(Stored dataset items)
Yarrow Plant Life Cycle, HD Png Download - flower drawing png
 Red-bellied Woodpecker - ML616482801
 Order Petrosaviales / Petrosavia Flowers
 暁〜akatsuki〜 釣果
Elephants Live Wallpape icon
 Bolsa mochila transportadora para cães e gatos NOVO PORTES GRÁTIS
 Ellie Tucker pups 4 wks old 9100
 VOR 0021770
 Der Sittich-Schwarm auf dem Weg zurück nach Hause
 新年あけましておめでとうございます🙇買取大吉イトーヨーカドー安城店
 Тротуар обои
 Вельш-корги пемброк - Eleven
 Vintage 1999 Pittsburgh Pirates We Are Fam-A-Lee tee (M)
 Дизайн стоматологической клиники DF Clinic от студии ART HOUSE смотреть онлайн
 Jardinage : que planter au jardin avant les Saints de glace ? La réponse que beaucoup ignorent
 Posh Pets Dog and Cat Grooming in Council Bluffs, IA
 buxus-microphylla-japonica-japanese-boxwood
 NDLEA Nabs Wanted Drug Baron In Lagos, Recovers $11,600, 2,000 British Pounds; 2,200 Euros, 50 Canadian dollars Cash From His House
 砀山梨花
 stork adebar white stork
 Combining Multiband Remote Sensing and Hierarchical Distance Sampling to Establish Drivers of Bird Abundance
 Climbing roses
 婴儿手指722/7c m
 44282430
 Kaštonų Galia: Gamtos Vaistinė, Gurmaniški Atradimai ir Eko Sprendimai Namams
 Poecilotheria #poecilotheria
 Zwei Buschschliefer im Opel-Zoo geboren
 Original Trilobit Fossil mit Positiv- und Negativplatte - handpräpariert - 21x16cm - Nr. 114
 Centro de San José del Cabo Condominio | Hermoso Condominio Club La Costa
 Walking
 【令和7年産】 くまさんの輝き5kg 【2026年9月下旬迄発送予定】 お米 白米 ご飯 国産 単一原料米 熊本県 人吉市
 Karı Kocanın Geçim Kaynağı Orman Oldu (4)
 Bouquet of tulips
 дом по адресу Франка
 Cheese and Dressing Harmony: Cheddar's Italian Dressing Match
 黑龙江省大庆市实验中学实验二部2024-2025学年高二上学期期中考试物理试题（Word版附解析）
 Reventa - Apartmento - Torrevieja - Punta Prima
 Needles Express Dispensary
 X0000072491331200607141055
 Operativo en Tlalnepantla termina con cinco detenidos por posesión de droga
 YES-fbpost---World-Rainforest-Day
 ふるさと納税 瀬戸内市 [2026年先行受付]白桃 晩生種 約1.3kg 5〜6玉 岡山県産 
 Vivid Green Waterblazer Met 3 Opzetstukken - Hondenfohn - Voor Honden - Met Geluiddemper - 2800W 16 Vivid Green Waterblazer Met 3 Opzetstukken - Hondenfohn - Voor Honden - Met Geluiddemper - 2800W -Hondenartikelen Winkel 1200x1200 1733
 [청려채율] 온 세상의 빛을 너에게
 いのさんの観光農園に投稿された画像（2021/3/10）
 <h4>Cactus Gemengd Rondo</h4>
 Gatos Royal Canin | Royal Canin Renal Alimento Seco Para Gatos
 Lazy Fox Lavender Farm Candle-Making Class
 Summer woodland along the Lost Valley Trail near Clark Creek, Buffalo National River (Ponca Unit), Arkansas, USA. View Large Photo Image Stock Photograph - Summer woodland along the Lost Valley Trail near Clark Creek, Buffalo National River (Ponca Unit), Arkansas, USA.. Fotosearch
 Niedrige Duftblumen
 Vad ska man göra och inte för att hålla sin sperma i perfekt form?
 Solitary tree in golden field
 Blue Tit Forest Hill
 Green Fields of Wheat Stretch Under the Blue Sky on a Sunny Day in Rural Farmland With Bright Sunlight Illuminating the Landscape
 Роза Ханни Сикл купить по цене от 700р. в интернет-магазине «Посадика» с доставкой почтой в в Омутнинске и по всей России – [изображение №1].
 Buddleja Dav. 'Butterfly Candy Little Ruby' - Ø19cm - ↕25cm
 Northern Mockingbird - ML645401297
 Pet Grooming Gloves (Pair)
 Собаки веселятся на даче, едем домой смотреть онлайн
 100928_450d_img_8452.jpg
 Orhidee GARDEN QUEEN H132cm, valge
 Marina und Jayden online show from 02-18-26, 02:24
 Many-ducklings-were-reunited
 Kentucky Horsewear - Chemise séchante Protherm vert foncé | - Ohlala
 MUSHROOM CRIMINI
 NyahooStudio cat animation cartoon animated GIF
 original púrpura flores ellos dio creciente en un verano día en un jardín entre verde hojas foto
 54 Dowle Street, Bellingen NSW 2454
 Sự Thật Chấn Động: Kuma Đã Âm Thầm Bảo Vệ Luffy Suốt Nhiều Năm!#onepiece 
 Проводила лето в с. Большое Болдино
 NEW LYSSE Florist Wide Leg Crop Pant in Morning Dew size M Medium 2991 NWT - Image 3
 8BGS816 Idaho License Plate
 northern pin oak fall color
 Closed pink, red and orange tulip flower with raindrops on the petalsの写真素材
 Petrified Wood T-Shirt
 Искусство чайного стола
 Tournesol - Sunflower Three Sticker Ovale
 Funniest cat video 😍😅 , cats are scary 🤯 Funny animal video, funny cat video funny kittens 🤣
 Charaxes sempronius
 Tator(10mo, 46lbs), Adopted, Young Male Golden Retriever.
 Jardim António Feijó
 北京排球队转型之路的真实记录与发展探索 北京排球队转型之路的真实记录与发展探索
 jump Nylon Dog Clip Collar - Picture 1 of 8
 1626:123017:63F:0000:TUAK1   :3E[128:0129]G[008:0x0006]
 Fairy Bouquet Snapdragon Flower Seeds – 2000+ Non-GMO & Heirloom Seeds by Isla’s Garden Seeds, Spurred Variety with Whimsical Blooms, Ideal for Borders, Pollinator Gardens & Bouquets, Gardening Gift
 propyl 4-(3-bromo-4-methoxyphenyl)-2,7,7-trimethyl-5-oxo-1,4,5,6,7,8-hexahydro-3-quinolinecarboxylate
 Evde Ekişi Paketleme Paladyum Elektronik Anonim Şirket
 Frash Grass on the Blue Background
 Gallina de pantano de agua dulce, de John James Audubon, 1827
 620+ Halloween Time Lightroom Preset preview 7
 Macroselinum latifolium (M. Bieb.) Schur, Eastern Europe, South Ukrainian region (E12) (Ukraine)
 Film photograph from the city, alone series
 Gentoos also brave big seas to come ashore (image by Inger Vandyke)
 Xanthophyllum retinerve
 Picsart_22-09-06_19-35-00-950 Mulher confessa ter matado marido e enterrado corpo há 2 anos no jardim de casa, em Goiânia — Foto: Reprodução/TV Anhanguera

> [PROBLEM]
Taking the entries above, write out exactly each line from the one holding "original púrpura flores" to the one holding "Fairy Bouquet Snapdragon", both included, and stop there.

> [SOLUTION FOR THIS EXERCISE]
 original púrpura flores ellos dio creciente en un verano día en un jardín entre verde hojas foto
 54 Dowle Street, Bellingen NSW 2454
 Sự Thật Chấn Động: Kuma Đã Âm Thầm Bảo Vệ Luffy Suốt Nhiều Năm!#onepiece 
 Проводила лето в с. Большое Болдино
 NEW LYSSE Florist Wide Leg Crop Pant in Morning Dew size M Medium 2991 NWT - Image 3
 8BGS816 Idaho License Plate
 northern pin oak fall color
 Closed pink, red and orange tulip flower with raindrops on the petalsの写真素材
 Petrified Wood T-Shirt
 Искусство чайного стола
 Tournesol - Sunflower Three Sticker Ovale
 Funniest cat video 😍😅 , cats are scary 🤯 Funny animal video, funny cat video funny kittens 🤣
 Charaxes sempronius
 Tator(10mo, 46lbs), Adopted, Young Male Golden Retriever.
 Jardim António Feijó
 北京排球队转型之路的真实记录与发展探索 北京排球队转型之路的真实记录与发展探索
 jump Nylon Dog Clip Collar - Picture 1 of 8
 1626:123017:63F:0000:TUAK1   :3E[128:0129]G[008:0x0006]
 Fairy Bouquet Snapdragon Flower Seeds – 2000+ Non-GMO & Heirloom Seeds by Isla’s Garden Seeds, Spurred Variety with Whimsical Blooms, Ideal for Borders, Pollinator Gardens & Bouquets, Gardening Gift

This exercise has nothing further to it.